Que disent ces condamnations à mort massives du régime égyptien?

Qu’il est acculé. L’Etat égyptien est aujourd’hui dans une situation extrêmement précaire. Son économie est très fragilisée, et il ne peut supporter économiquement le terrorisme. Là où l’Algérie pouvait supporter ce coût grâce à sa manne pétrolière, l’Egypte se retrouve dans l’impossibilité de le faire, dans la mesure où son économie repose essentiellement sur le tourisme. Or cela fait trois ans que le pays a perdu ses touristes, son pétrole. Il ne peut pas se permettre de ne rien faire face à ça.

Les autorités ont donc choisi la fermeté…

Oui. La situation en Egypte aujourd’hui est très fragile, les germes du terrorisme sont semés, et le scénario algérien n’est pas loin. Les autorités et l’armée s’affolent, et ont choisi de réagir rapidement, de façon brutale, pour combattre le terrorisme et surtout stabiliser le pays. Elles souhaitent aujourd’hui faire un exemple pour intimider ceux qui menacent la stabilité de l’Etat.

Le verdict du 28 avril risque-t-il d’être aussi sévère?

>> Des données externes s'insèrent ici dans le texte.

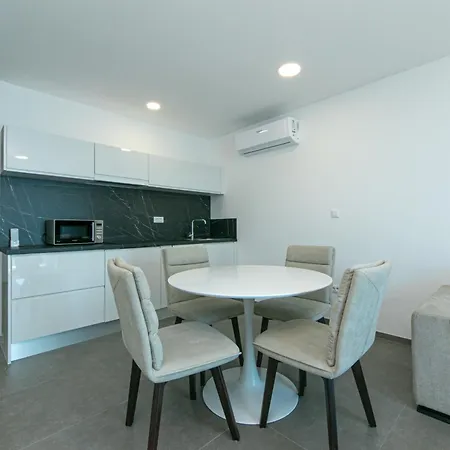 Apartment Seaside With A Swimming Pool Brela, Makarska - 20229 Brela
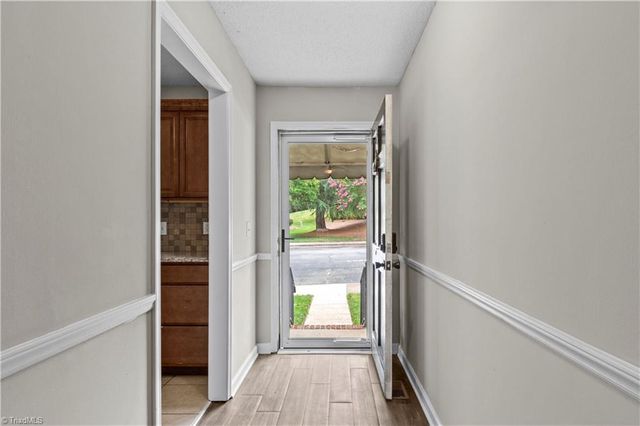 2664 Saint Johns Place, Winston-salem, NC 27106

On va voir si les autorités vont persévérer dans la même logique pour les prochains verdicts. Cela risque fort de continuer en ce sens, puisque les Frères musulmans sont considérés comme une organisation terroriste par le nouveau pouvoir. Il faudra aussi voir comment les autorités vont gérer les procès des figures politiques des Frères musulmans. Cependant, les problèmes politiques ne se résolvent pas par la justice ou par des exécutions, mais seulement de façon politique, par le dialogue. La porte des négociations doit toujours être ouverte. L’exemple de l’Algérie à la fin des années 90 l’a bien montré: après des années de combats et de violences, l’armée et les rebelles islamistes ont dû s’asseoir autour d’une table pour trouver une solution au problème, la réconciliation nationale.